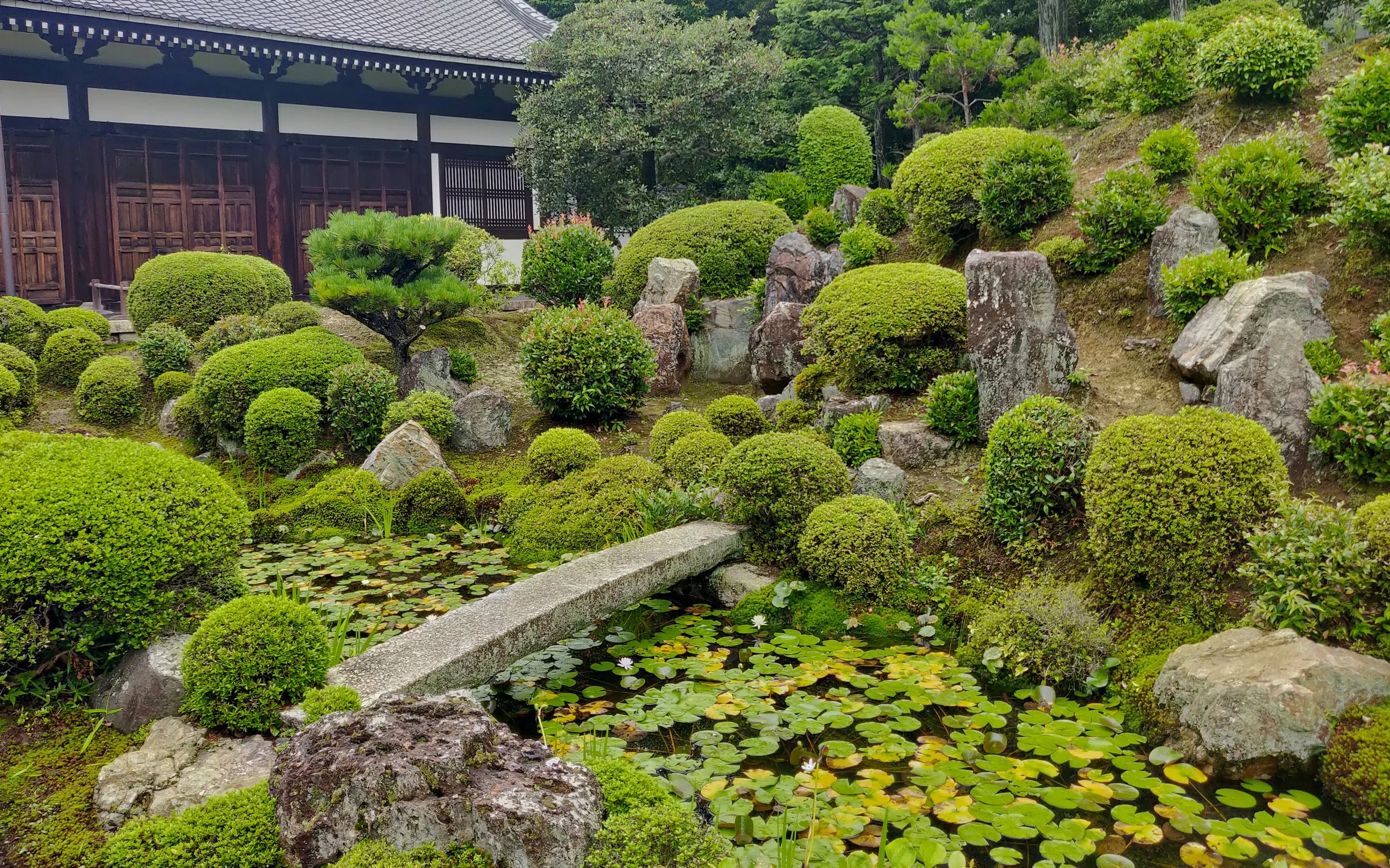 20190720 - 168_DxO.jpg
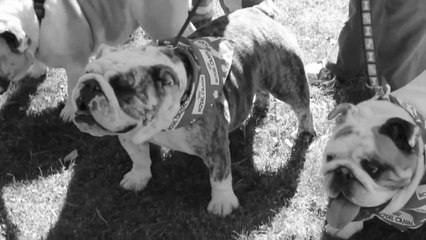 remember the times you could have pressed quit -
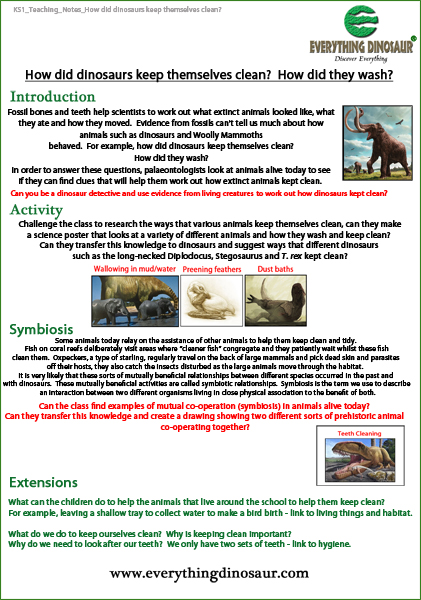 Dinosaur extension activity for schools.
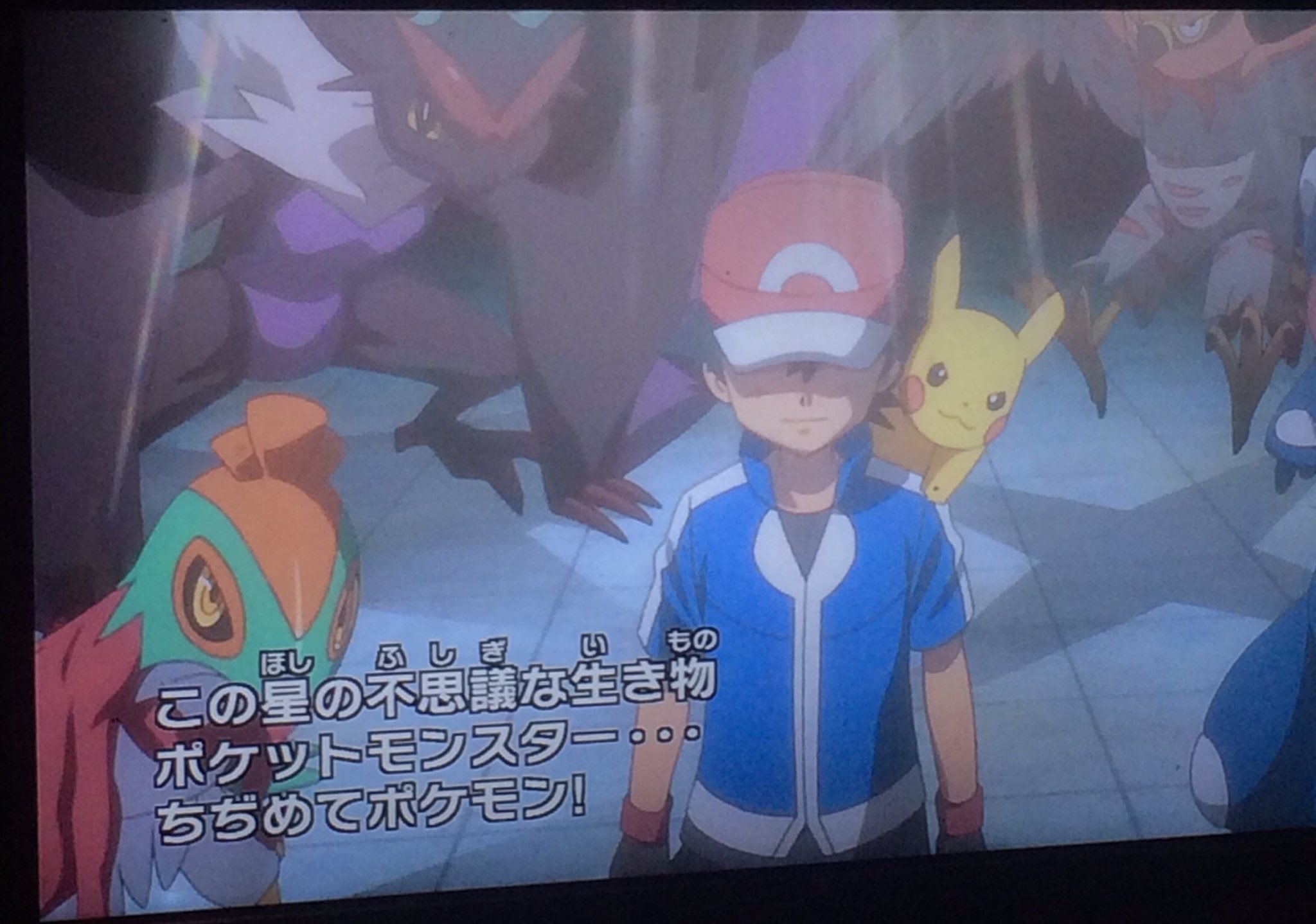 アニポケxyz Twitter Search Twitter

The task: Copy out the material above in full and exactly, but with no pictures.

Reply to the exercise:
 20190720 - 168_DxO.jpg
 remember the times you could have pressed quit -
 Dinosaur extension activity for schools.
 アニポケxyz Twitter Search Twitter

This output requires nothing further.